The models also do not give a very good representation of humanity.

– An overwhelming majority of the texts the models train on come from the English-speaking Western middle class, while subcultures or other cultures and languages are poorly represented. Inequality is further exacerbated by the fact that it is people in the rich world who can afford to use new technology and not particularly citizens of developing countries.

To handle issues such as how the models work, what bias they contain and what they can be used for, language technology and humanistic knowledge is necessary, says Nina Tahmasebi.

– Language is not about statistical relationships between different words, but about how we humans communicate and relate to the outside world. Therefore, knowledge about humans and our world cannot be omitted from a language model.

Smaller models

The research conducted at GU is about building smaller language models and investigating what they can learn about language and human communication. With the help of knowledge in linguistics, psychology and various social sciences, the models can be improved and various biases can be discovered and counteracted. And because the models that linguists use are based on deep analyses of how language works, the huge material the global companies use is not needed, Nina Tahmasebi points out.

– They are thus possible to use both for researchers and companies. We build models that interpret what is reasonable by thinking of text as language and not just data. In this way, we can make models that are cheaper, more environmentally friendly and also more reliable.

Several ongoing projects

One of the ongoing projects at the Faculty of Humanities is SuperLim 2.0, which is mostly finished, says Felix Morger.

– It is about producing a collection of material in Swedish that can test models for language understanding. The test quantities are already available and the website to upload and compare results will also be online soon.

Another project, Granny Karl is 27 years old, is about pseudonymisation of research data, says Simon Dobnik.

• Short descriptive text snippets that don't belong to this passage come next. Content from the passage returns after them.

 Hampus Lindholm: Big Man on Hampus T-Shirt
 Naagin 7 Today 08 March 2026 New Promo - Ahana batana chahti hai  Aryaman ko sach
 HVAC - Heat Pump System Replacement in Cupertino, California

– The idea is to create language technology algorithms that detect personal data and sensitive information in large masses of text and replace the words with suitable pseudonyms, without changing the meaning of the text or introducing more bias.

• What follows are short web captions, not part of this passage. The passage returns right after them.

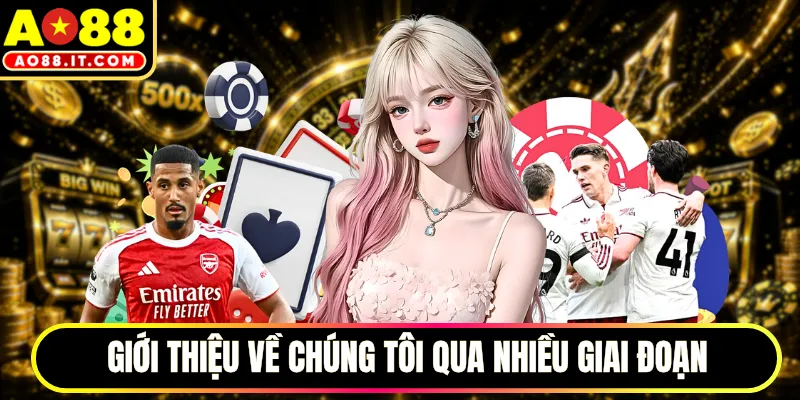 Giới thiệu về chúng tôi qua nhiều giai đoạn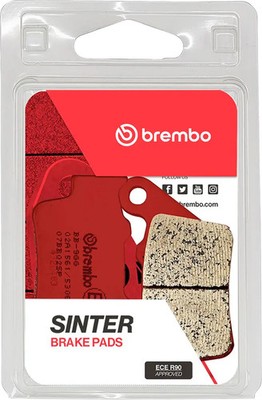 BREMBO 07BB02SP BREMSBELÄGE PRIME SINTER SP VICTORY OCTANE 1179 2017
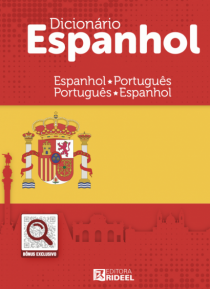 DICIONARIO ESPANHOL/PORTUGUES/ESPANHOL 368PAG - Distribuidora 12 de Outubro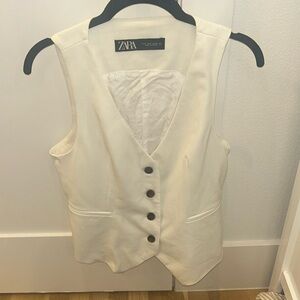 Zara Vest Top
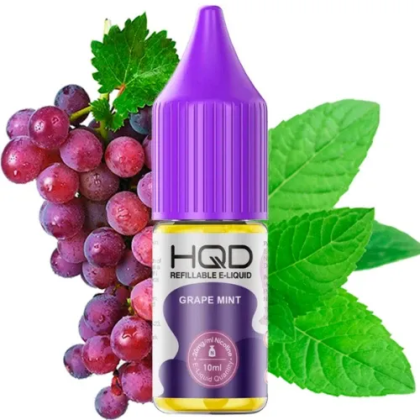 HQD Salt 10мл (Grape Mint)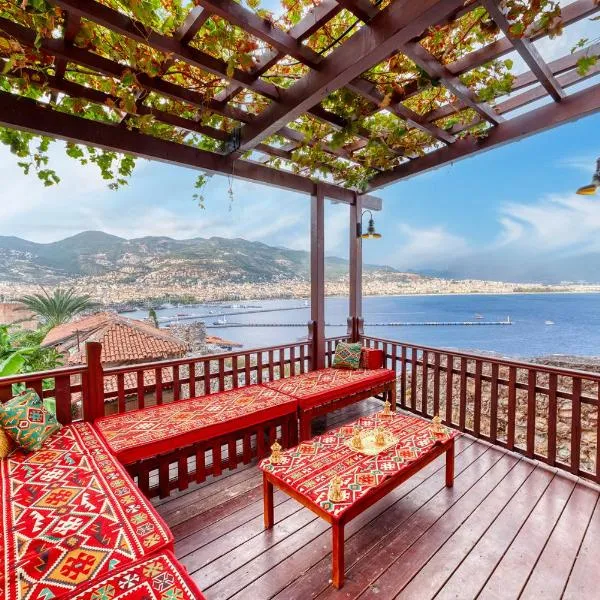 The Sukabaği House, hotel v destinaci Alanya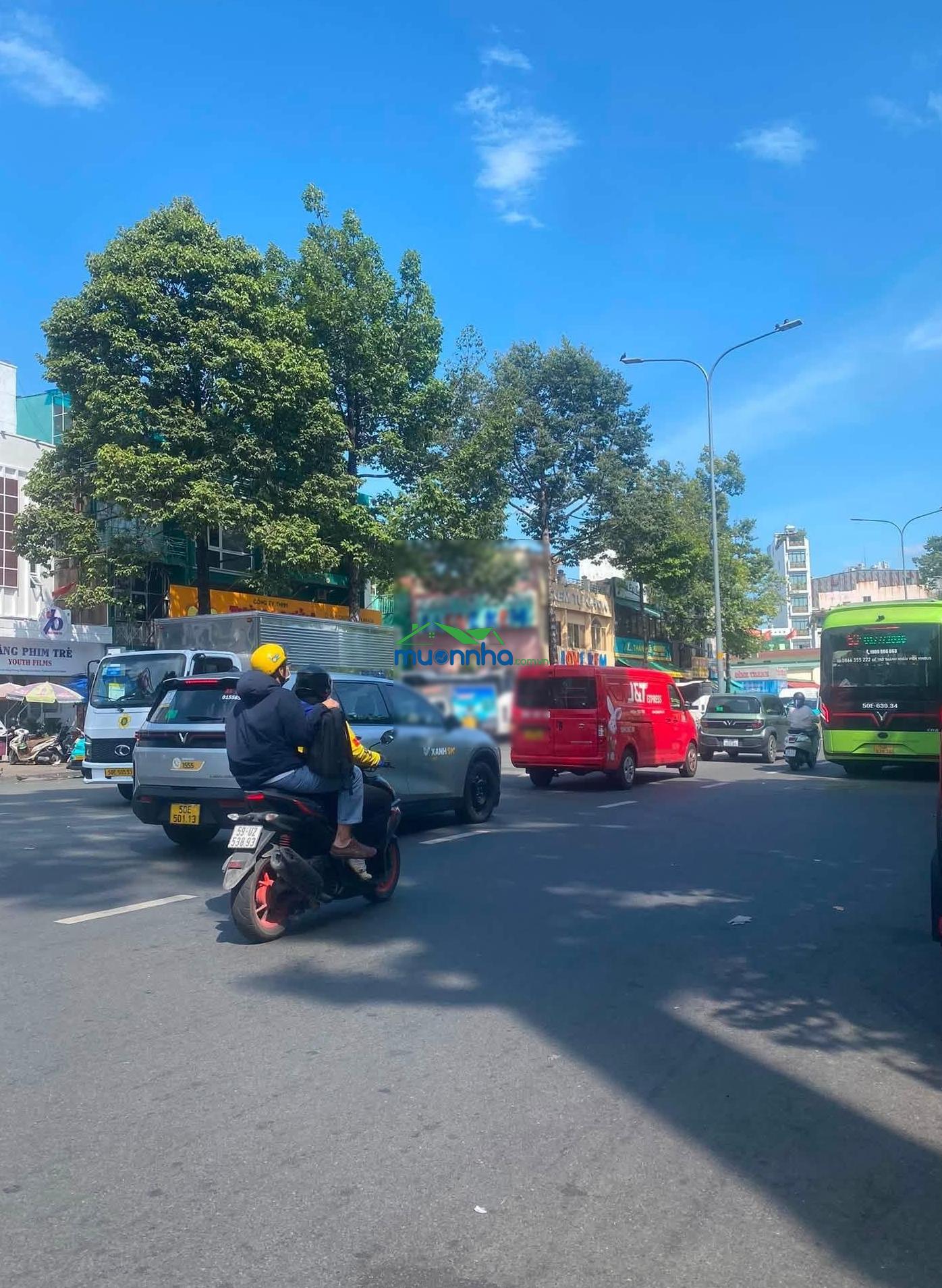Bán nhà mới 2 tầng đẹp ở ngay - trung tâm quận 10 - ngay lê hồng phong với hùng vương - 46m - h - 4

Another project is about reinforcement learning, where machine learning takes place through interaction with the environment, says Asad Sayeed.

– For example, we are looking at how artificial agents learn to name different colours in a guessing game, consisting of one narrator and one listener, where both agents are rewarded when they reach an agreement.

The humanistic perspective is fundamental

The humanistic perspective is fundamental to creating language models that are truly reliable and useful, Nina Tahmasebi states.

– We can use existing texts smarter and more equally, prevent the spread of false information and various types of prejudice, and start from what people need rather than from what can be done technically. We are not looking to put an end to commercial products, but we believe that it is important to examine both what they can actually do and what they are suitable for. Beyond being used as a fun gimmick, these methods can provide answers to deep, complex research questions that contribute to society.

Text: Eva Lundgren

The article was first published in GU Journalen, no 2, 2023

Fakta

Nina Tahmasebi, is Associate Professor of Language Technology, and Programme Manager for Change is Key! The study of contemporary and historical societies using methods for synchronic semantic change, which was granted SEK 33.5 million by Riksbankens Jubileumsfond.

Simon Dobnik is Professor of Computational Linguistics at the Centre for Linguistic Theory and Studies in Probability (CLASP) and a participant in the project Mormor Karl är 27 år: Automatisk pseudonymisering av forskningsdata. (Granny Karl is 27 years old: Automatic pseudonymisation of research data).

Felix Morger is a doctoral student at Språkbanken Text and involved in the project SuperLim 2.0.

Asad Sayeed is Senior Lecturer in Computational Linguistics at CLASP and researches language and mental images.